Mathews responded, according to prosecutors, by citing a late white-supremacist leader, then said: “We can’t fail where they have failed or else the White race is extinct.” They said they’d be ashamed if a “Battle of Richmond” took place and they weren’t involved.

“It’s just that we can’t live with ourselves if we don’t get somebody’s blood on our hands,” Lemley said, according to court documents.

The day before their arrest, according to the sentencing memo, the men also discussed the possibility they would be detained.

“Right now, if I ever get captured, I am going to jail for the rest of my life,” Mathews said. “You realize they’re just going to call us terrorists …”
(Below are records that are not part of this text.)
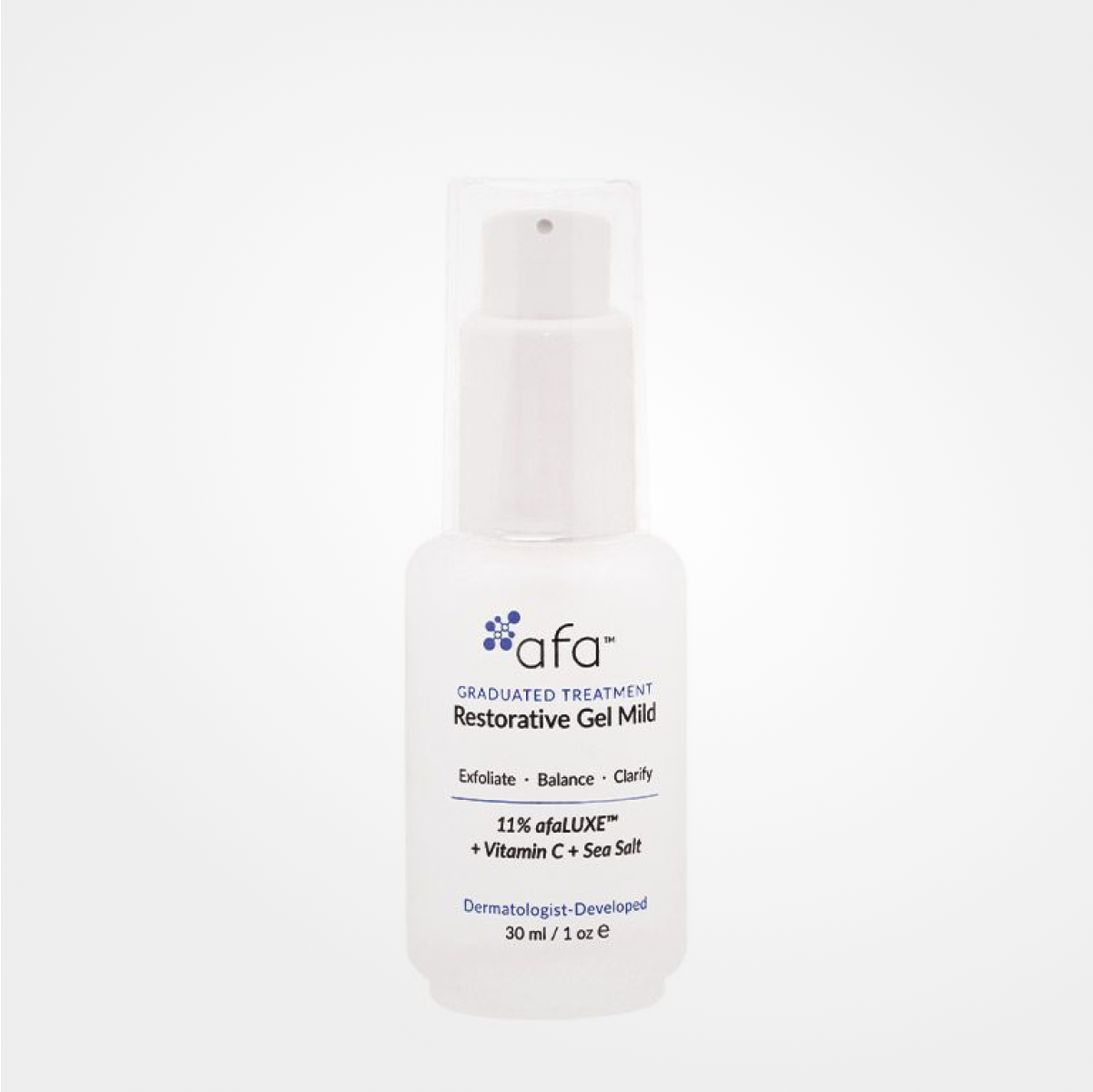 afa® Restorative Gel Mild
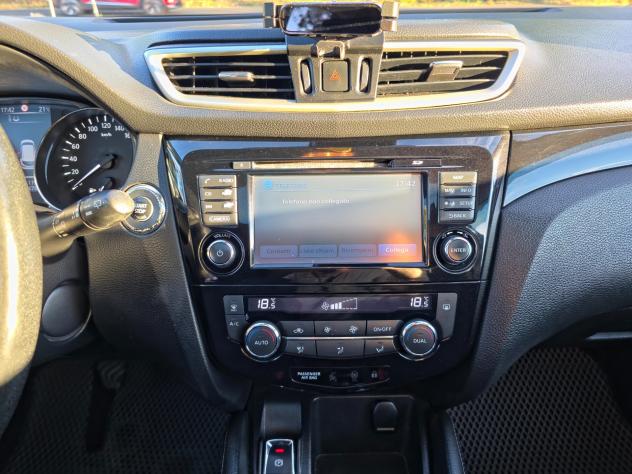 Nissan Qashqai 1.5 dCi Tekna CV-110 E6B Manuale NEO 2016 - Foto 10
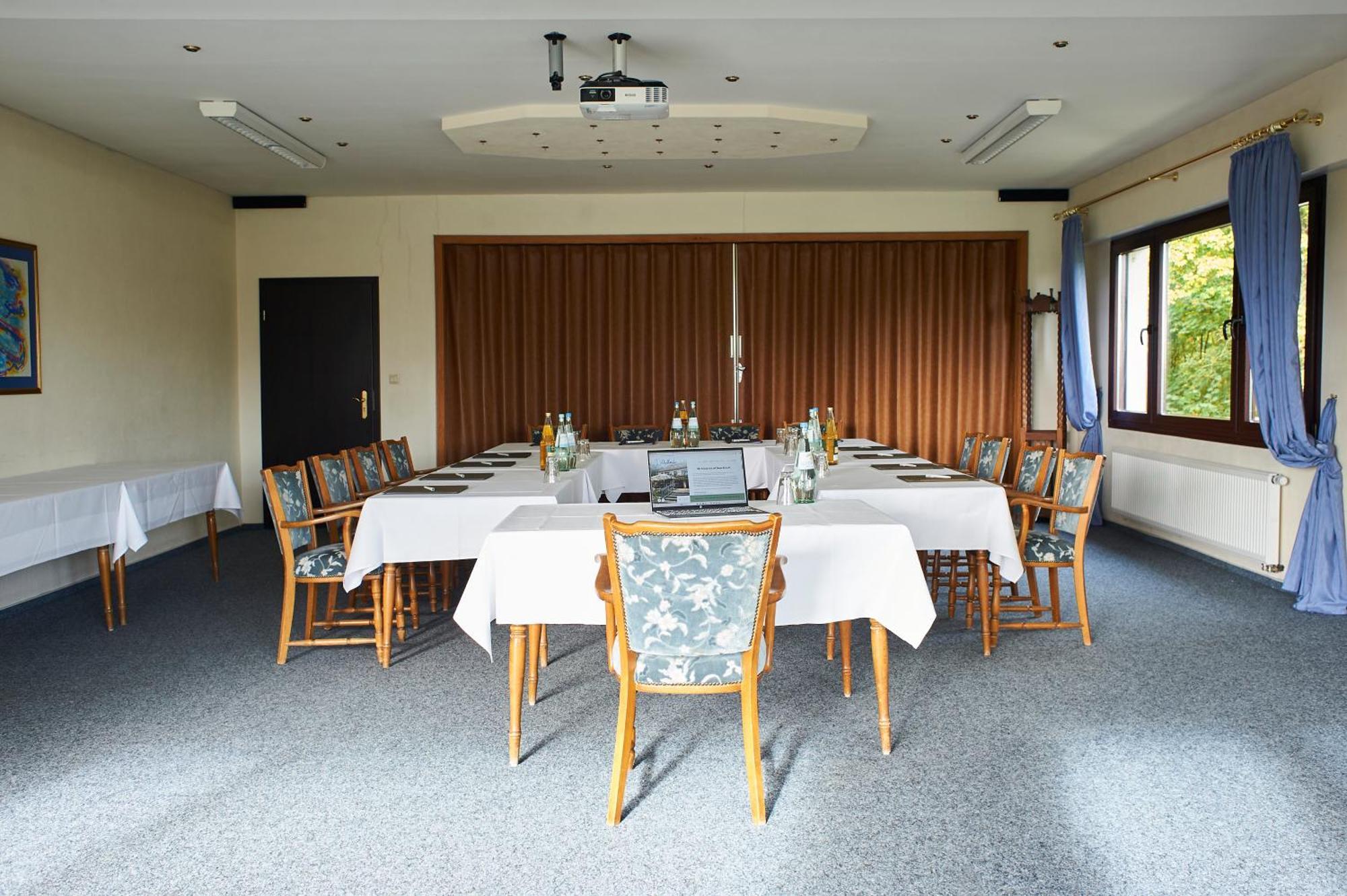 Hotel Restaurant Waldschloesschen Линен Экстерьер фото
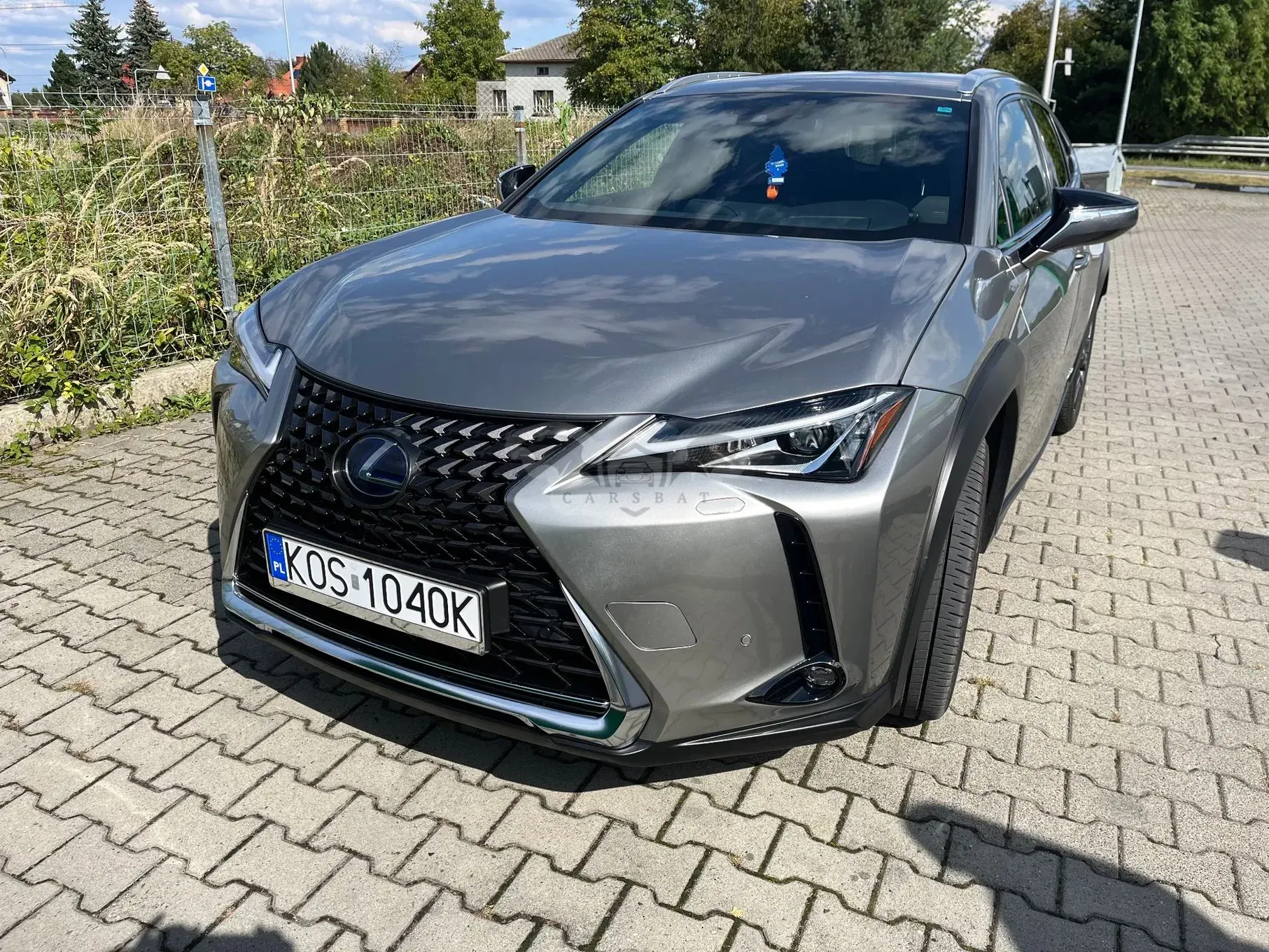 Lexus UX 2020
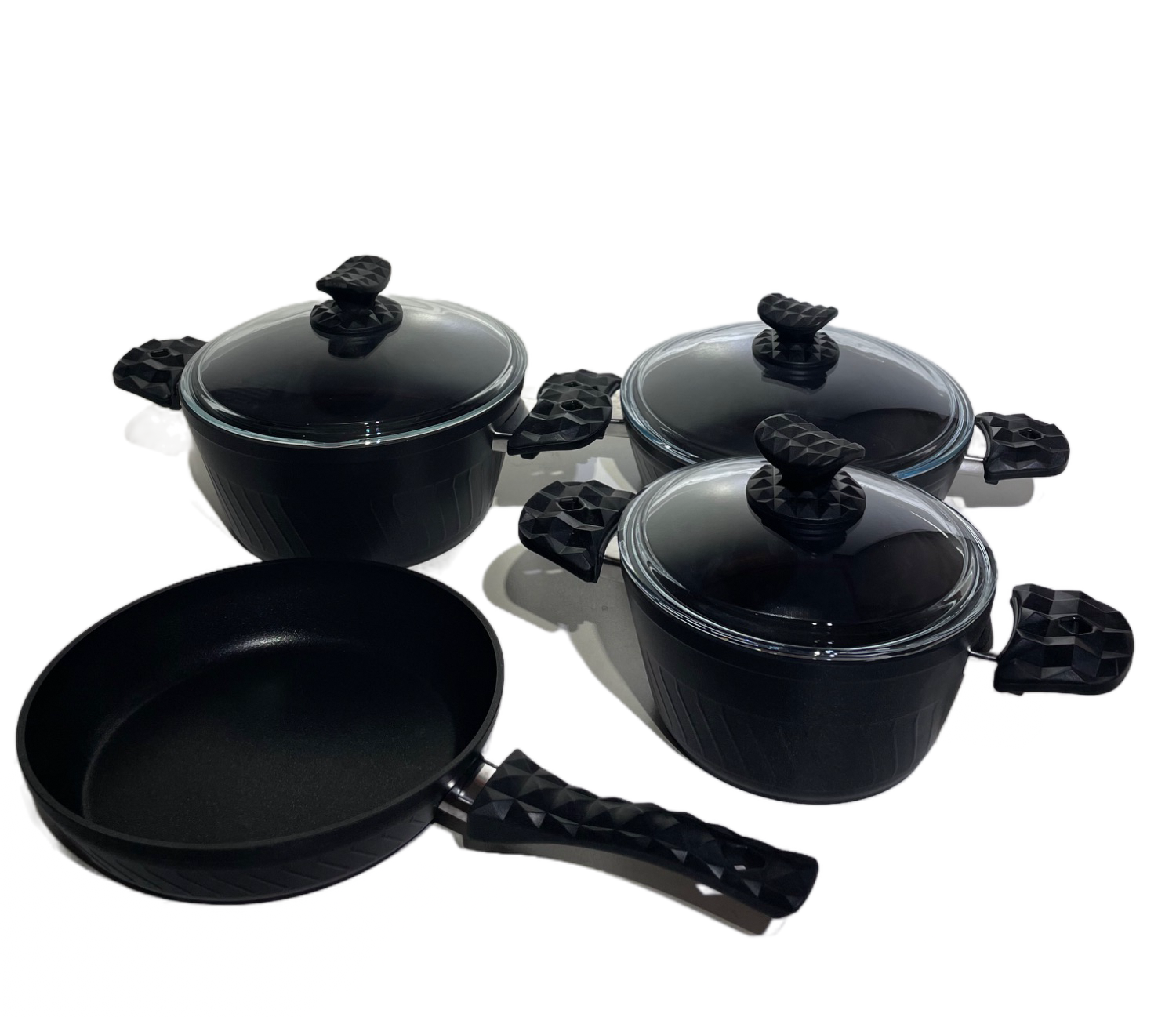 Série de cuisine 7 pièces BONERA – Image 2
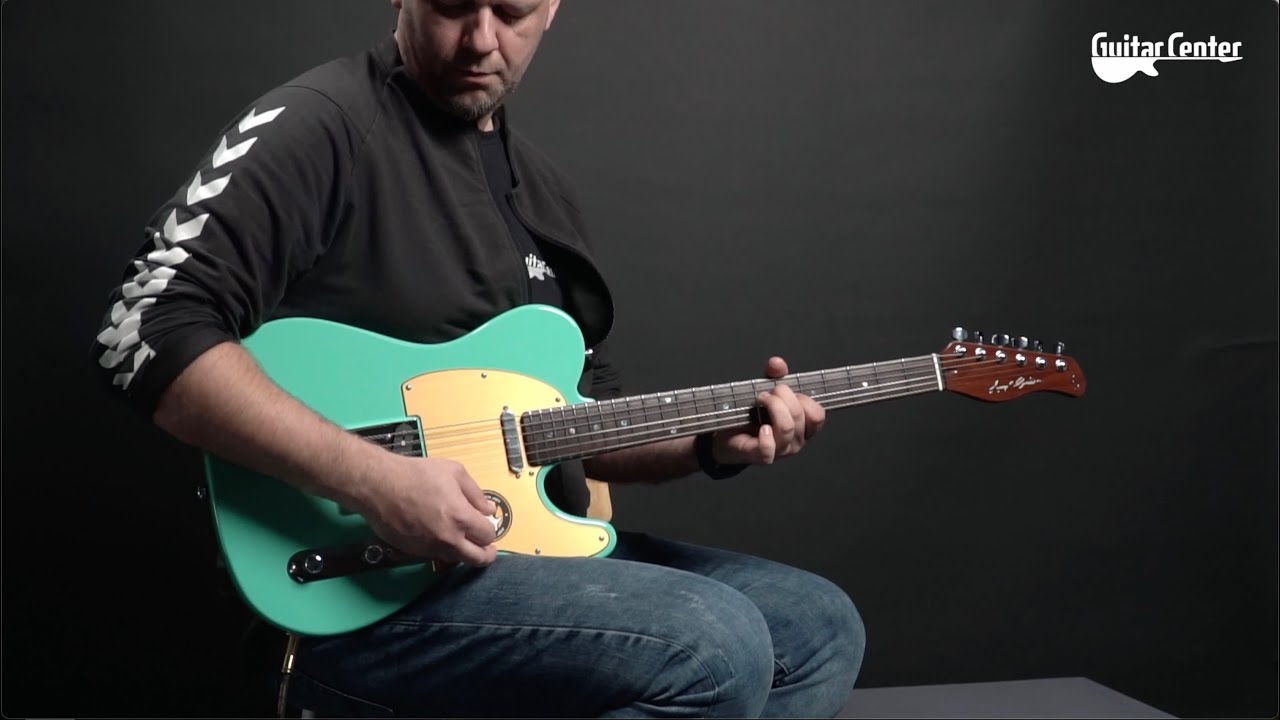 Sire Larry Carlton T7 MLG | TV Guitar Center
He said they “might as well go to jail for something good.”

Mathews added: “Might as well do some damage to the system.”

On Jan. 16, 2020, federal agents arrested both men at a residence in Delaware.

Mathews and Lemley are scheduled to be sentenced at the end of October.

Bilbrough pleaded guilty to two counts of transporting an alien and was sentenced to five years in federal prison in December.
 

hanimmal

Well-Known Member
Just watching Chris Hayes on MSNBC and he had a guest on and they were discussing crime in the cities (shooter on train and cop responses) and the guest started to say how it started after George Floyd protests etc.

It is very annoying since the real increases in violent crime rates have been increasing since the online propaganda war has been being conducted by Russia (and other dictators, even the would be Right wing ones here in America) on our citizens.